Man, everyone is totally against me at this point but I'm gunna continue with this debate. 

I still disagree with teaching beginner turns using the lower body. The way that I teach my students is to look where you want to go. However, I will make them overexaggurate that. For example, if your regular footed, on your heel edge, and you want to make a turn, I will tell them to slowly look to the right, and don't stop looking, until your looking uphill. And once they are looking up hill, their hand will also point uphill. CASI does not teach us to overexaggurate turns, but this method that I've pretty much invented works like a beauty for me. If my student does this correctly, there is no kicking of the backleg. I have never ever had a student do that in my 5 years of instructing. Sure, they will fall, but the most common reason of my students falling is that they don't put enough pressure on their front foot which is normal, I did that too when I learned how to snowboard. Anyhoo, thats the way that I teach, it works for my students, regardless if you think its wrong or not, I'm gunna keep on teaching that way. 
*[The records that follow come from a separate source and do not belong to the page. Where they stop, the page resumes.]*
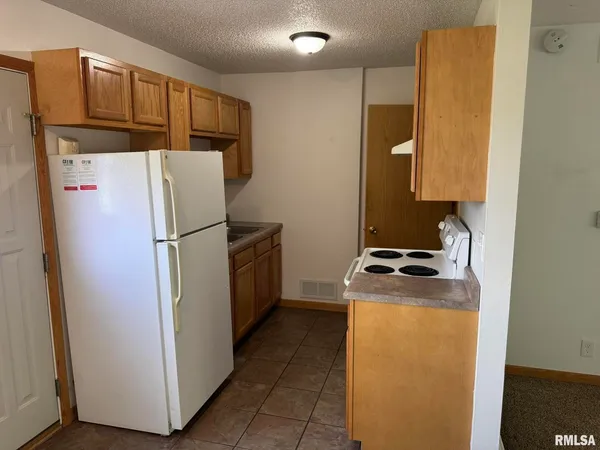 $750 | 18 Parkview Drive, Unit F, Eldridge, IA 52748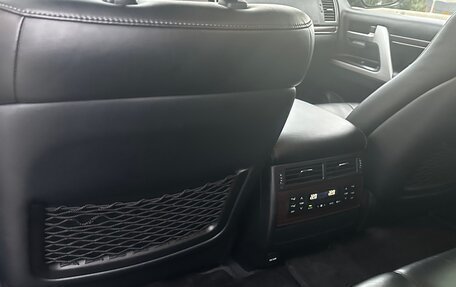 Toyota Land Cruiser 200, 2018 год, 5 390 000 рублей, 9 фотография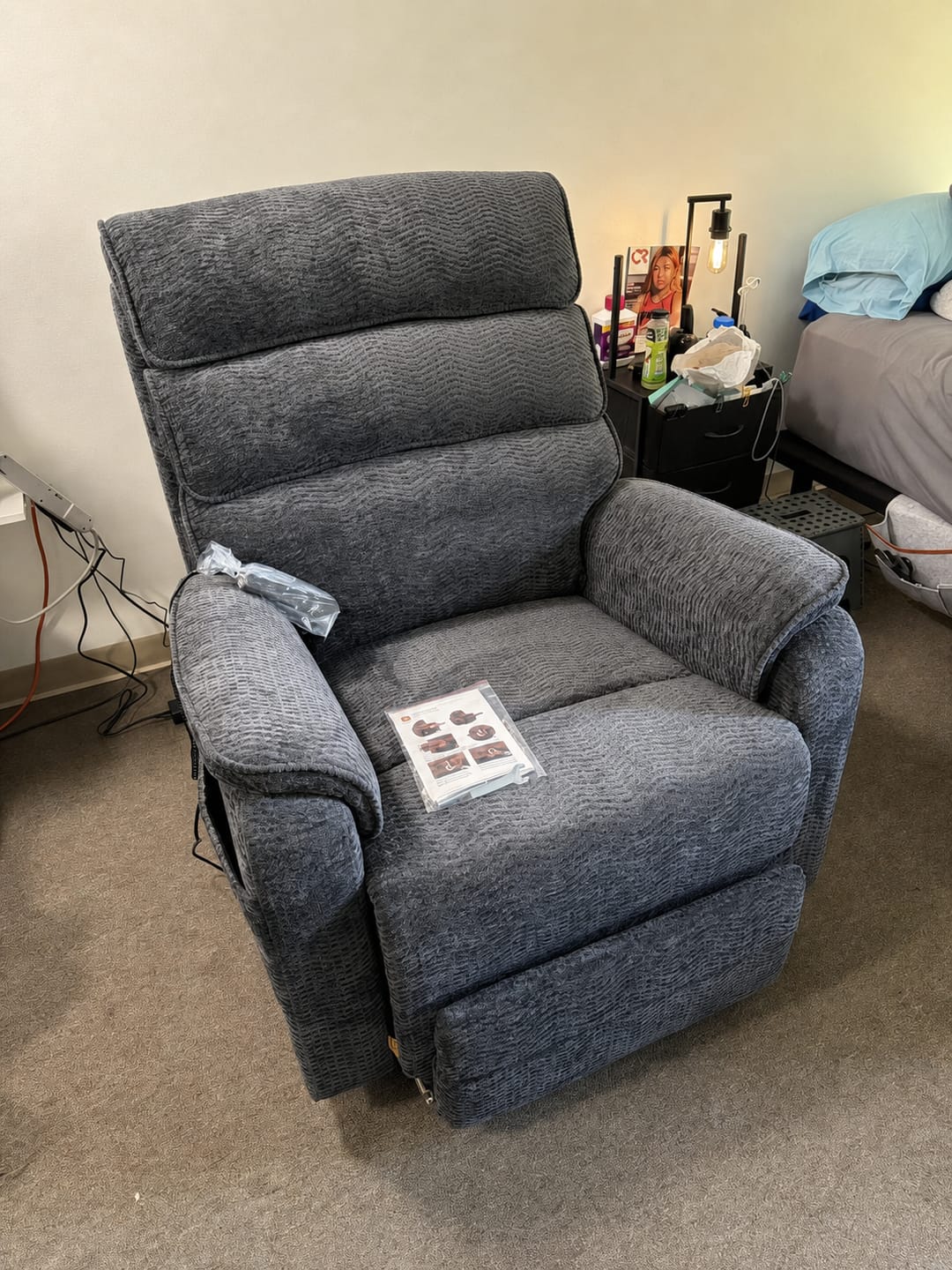 Customer photo review of 9188ET Big & Tall Power Lift Recliner – Dual Motor, 400LBS, Lay Flat, Heat & Massage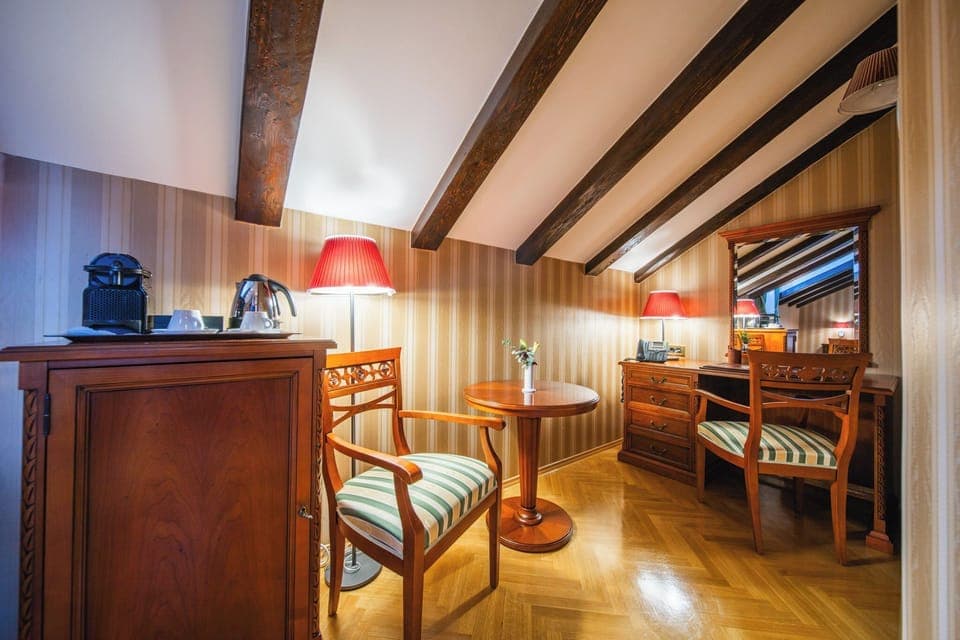 Hypo-allergenic bedding, minibar, in-room safe, individually decorated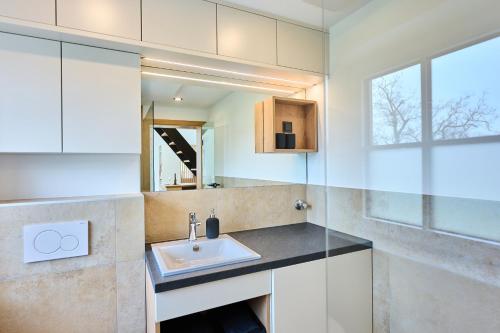 a bathroom with a sink and a mirror at Wiegehaus Retz in Retz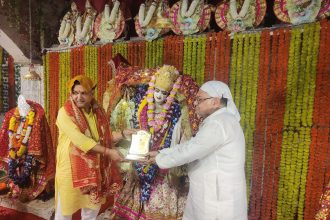 On the fourth day of Navratri, a grand puja of Mata Kushmanda was held at Maharani Vaishno Devi Temple, where MLA Satish Fagna paid obeisance.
Also, I am definitely not saying that your method of teaching is wrong. As you said, CASI and AASI have pretty different views of methods when it comes to teaching.


----------



## Guest (Mar 13, 2010)

I can agree with you 100% that going down steeper terrian, you'll definitely need to initiate using the lower body. Thats for sure. But what I'm saying, is that when your first learning how to turn, that is how I will teach it. I will only take my students to a green hill once they are able to do beginner turns. I'm talking I wanna see your turn without falling and looking and feeling confident. Once I take a student to a more advaced hill from the bunny hill, I will teach them how to use their lower body. It is important to use your lower body, but teaching a never ever how to turn with the lower body is something I have never even heard of up until I joined this site.


----------



## Guest (Mar 13, 2010)

I honestly find that interesting. I kinda understand the AASI method, but I'm still rather true to the CASI technique.


----------



## Guest (Mar 13, 2010)

The AASI way of teaching doesn't make much sence to me, but then again the CASI way probably doesn't make as much sence to you either. 

The bunny hill at the resort I work at is rather perfect for beginners 









Its long enough, the very top is steeper than the rest of the pitch, so students who want challenge, I'll have them turn from the very top. We've only got 1 green hill and the pitch of it is the same pitch as the top of the bunny hill. The resort I work at is bloody tiny but it does have a lot of variety.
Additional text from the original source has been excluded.